Senza soldi, la riforma della scuola
non potrà passare

Lucio Ficara, La Tecnica della Scuola 9.9.2014

Il mondo della scuola è in fermento: i docenti non sono d'accordo a lavorare di più e meglio a stipendio invariato (o forse addirittura diminuito)

L’urlo di dissenso degli insegnanti, rispetto ad alcuni aspetti della prossima riforma della scuola, non lascia molti margini di confronto. Gli insegnanti dicono basta a riforme a costo zero, anzi a costo negativo. Il mondo della scuola è in fermento, molto più del mondo sindacale, e manda un messaggio chiaro ai palazzi della politica. Non è immaginabile continuare a riformare la scuola sulla base di calcoli ragionieristici e tenendo conto della necessità di razionalizzare la spesa. Ecco allora che gli insegnanti dicono basta ai tagli lineari, basta alla destrutturazione contrattuale, basta ai mancati piani “faraonici” di edilizia scolastica, basta all’emergere sempre più frequente di classi pollaio, basta alla riduzione degli organici a fronte di un aumento degli studenti, basta al taglio di ore di insegnamento curricolare di molte discipline, basta con le vergognose promesse mancate sulla legittima aspettativa di pensione dei quota 96, basta con l’uso reiterato dei contratti degli insegnanti a tempo determinato, basta con i ripetuti tentativi di aumentare i carichi di lavoro e l’orario di servizio settimanale degli insegnanti, basta con il blocco permanente del contratto, basta con il blocco degli scatti di anzianità, basta con l’azzeramento del fondo d’Istituto destinato alle scuole, basta con i tagli odiosi sul sostegno, basta con le trattenute in busta paga quando ci si ammala, basta con le campagna diffamatorie contro gli insegnanti, bollati come fannulloni, corporativi e eccessivamente sindacalizzati, basta con il considerare gli insegnanti come una casta che lavora poco e che gode di tre mesi di vacanza l’anno, basta con il taglio dei diritti e l’introduzione di doveri cogenti.

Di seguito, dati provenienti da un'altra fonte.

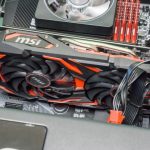 What Does A Graphics Card Do?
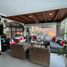 5 Habitación Villa en venta en Maule, Maule, Talca, Maule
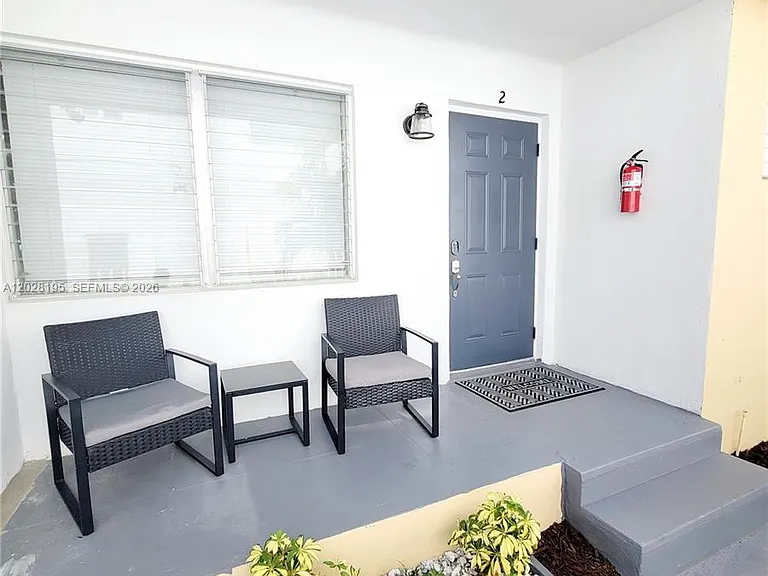 1723 Wiley St #XX — Photo 17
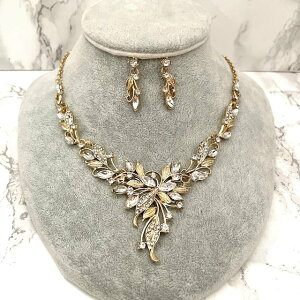 vifgoldrW[uC_lbNX&sAXsetyANZT[Zbgz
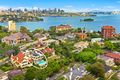 Property photo of 14 Wentworth Place Point Piper NSW 2027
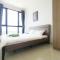 The M@Macrolink by Home Owner - 新山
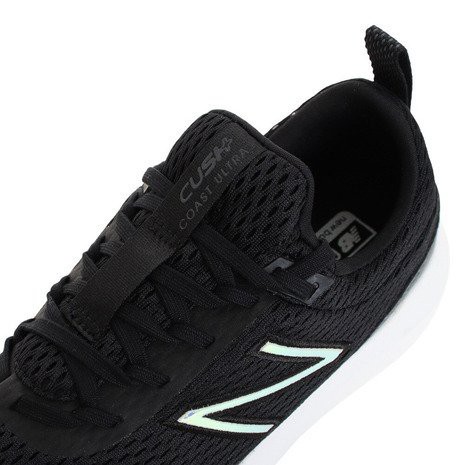 Giày thể thao nữ New Balance WCSTLBB5 Coast Ultra Women’s Fitness & Cross Training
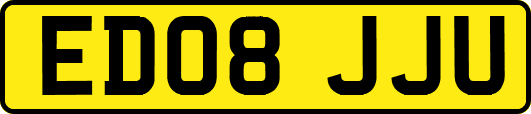 ED08JJU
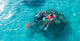 Snorkeling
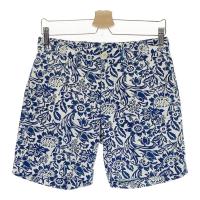 JACK BUNNY WbNoj[  V[gpc  lCr[n TCYF3 NFA- yÁzStEFA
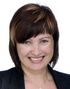 Angela Maindonald photo
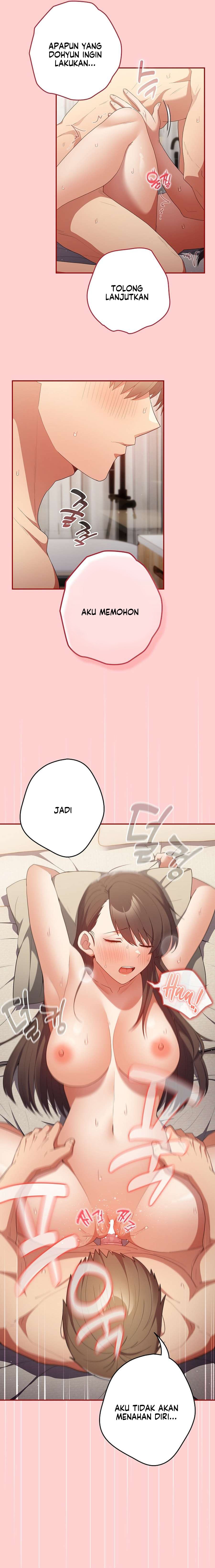 That&#8217;s not how it&#8217;s done - Chapter 60 10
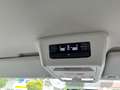 Volkswagen T6 Multivan .1 2.0 TDI Family AHK inkl. Mwst 2.0 TDI 150 PS Noir - thumbnail 19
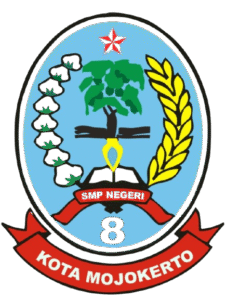 Prespa light mode logo 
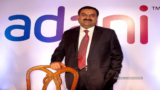 Gautam Adani Reveals Game-Changing Talks with Qualcomm CEO Cristiano Amon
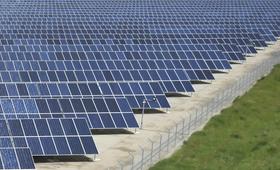 Hrvaška želi za trikrat povečati rabo obnovljivih virov energije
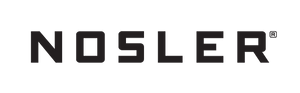NOSLER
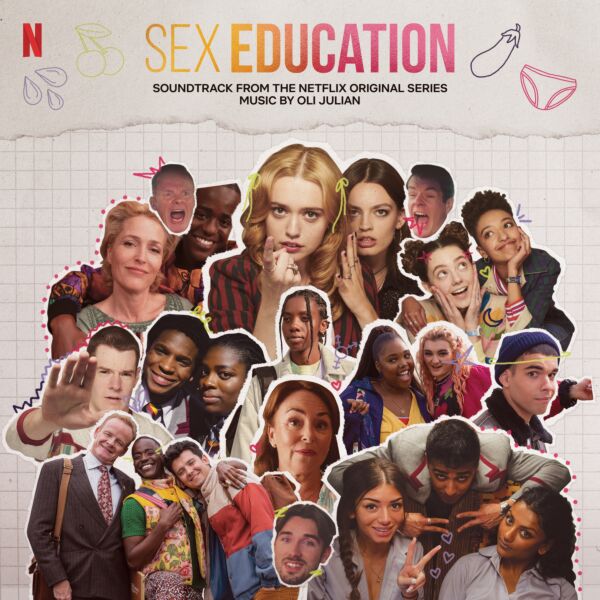 SXEDU1.jpg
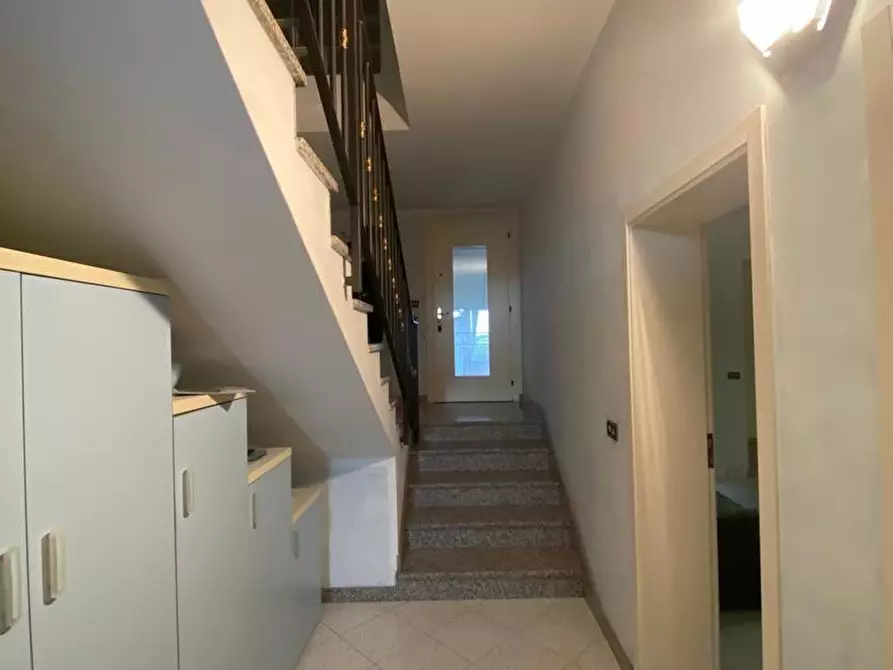 Immagine 2 di Terratetto in vendita  in Via Cesenatico, 4374 a Cesena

Questo non è conservatorismo di chi vuole mantenere lo status quo, ma piuttosto è il dire no a condizioni di lavoro peggiorative e poco dignitose per il ruolo professionale dei docenti. In buona sostanza vale, in questo caso, il proverbio che dice: “Senza soldi non si canta messa”.

Se il governo vuole una scuola più competitiva e più formativa, una scuola dove il ruolo del professore diventi centrale, tanto da assumere un ruolo accademico e un’identità carismatica, una scuola in cui la qualità didattica e dell’organizzazione del lavoro corrono su binari paralleli, ma allo stesso tempo concorrono a formare alunni preparati e competenti per affrontare il mondo universitario e del lavoro, allora, se si vuole veramente una scuola così, bisogna investire molti soldi sull’istruzione e adeguare concretamente gli stipendi degli insegnanti a quello dei funzionari di Stato.

Finché si pagheranno gli insegnanti con stipendi medi di 1500 euro, non si potrà avere una scuola di qualità. Senza soldi non si fa una scuola di qualità e senza soldi la riforma della scuola non potrà mai passare. Basta con il tentativo del governo di dire : “Lavorate di più, anzi molto di più, lavorate meglio, anzi molto meglio e se, sarete bravi e meritevoli, forse fra tre anni vi aumentiamo lo stipendio”.

Gli insegnanti non ci credono più e dicono basta, almeno questo è quello che viene percepito da tantissimi interventi sul web, ci interesserebbe sapere dai nostri lettori se è veramente così oppure se ci sono anche insegnanti più fiduciosi.